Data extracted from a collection
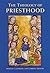 The Theology of Priesthood by Donald J. Goergen OP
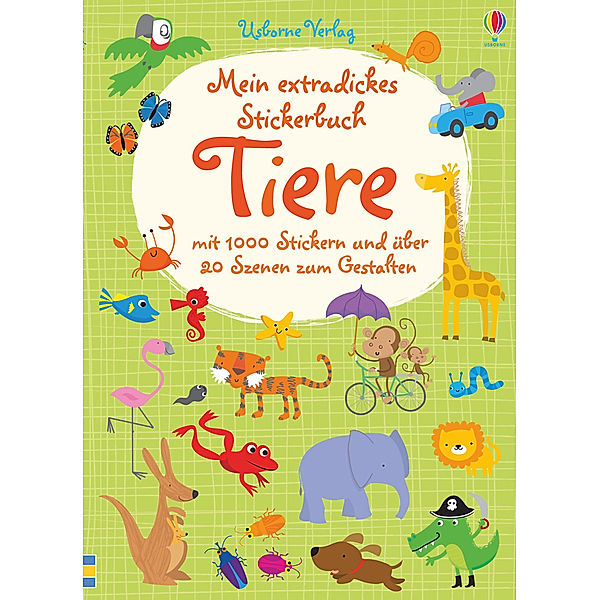 Mein extradickes Stickerbuch: Tiere, Fiona Watt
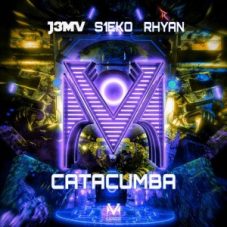 J3MV & S1EKO & Rhyan - Catacumba (Extended Mix)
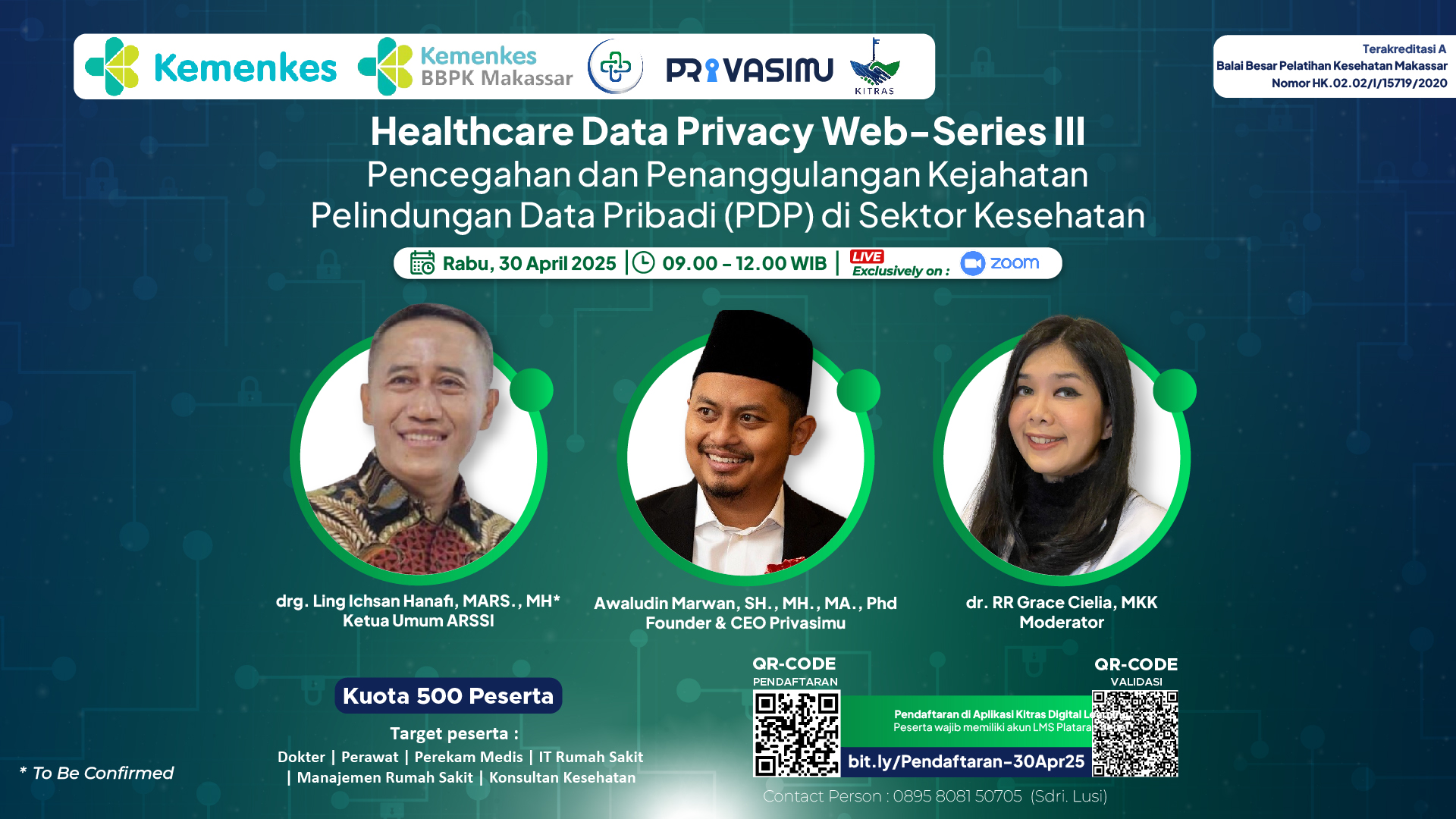 Webinar  Pencegahan dan Penanggulangan Kejahatan Perlindungan Data Pribadi (PDP) di Sektor Kesehatan Kerjasama Perhimpunan Digital Medis Indonesia Angkatan 1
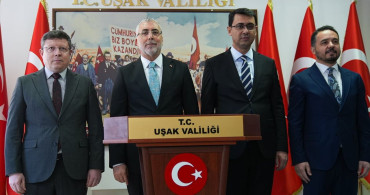 Çalışma ve Sosyal Güvenlik Bakanı Işıkhan Uşak'ta Açıklamalarda Bulundu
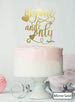 My One and Only Wedding Valentine's Cake Topper Premium 3mm Acrylic Mirror Gold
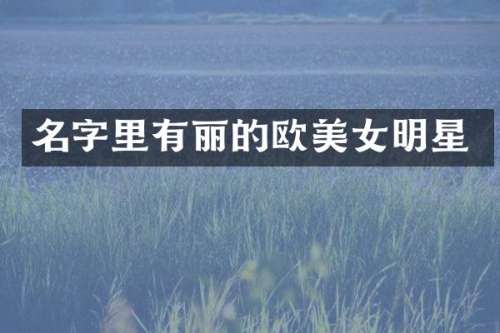 名字里有丽的欧明星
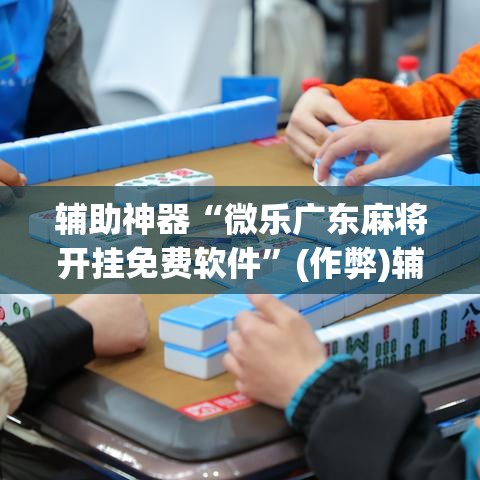 辅助神器“微乐广东麻将开挂免费软件”(作弊)辅助透视教程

→ **About this exercise**
Only the lines from the top of the records through the line with "Indonesia Angkatan 1" belong in the copy; write them out exactly, leaving out pictures.

→ **Response**
 The Theology of Priesthood by Donald J. Goergen OP
 Mein extradickes Stickerbuch: Tiere, Fiona Watt
 J3MV & S1EKO & Rhyan - Catacumba (Extended Mix)
 Webinar  Pencegahan dan Penanggulangan Kejahatan Perlindungan Data Pribadi (PDP) di Sektor Kesehatan Kerjasama Perhimpunan Digital Medis Indonesia Angkatan 1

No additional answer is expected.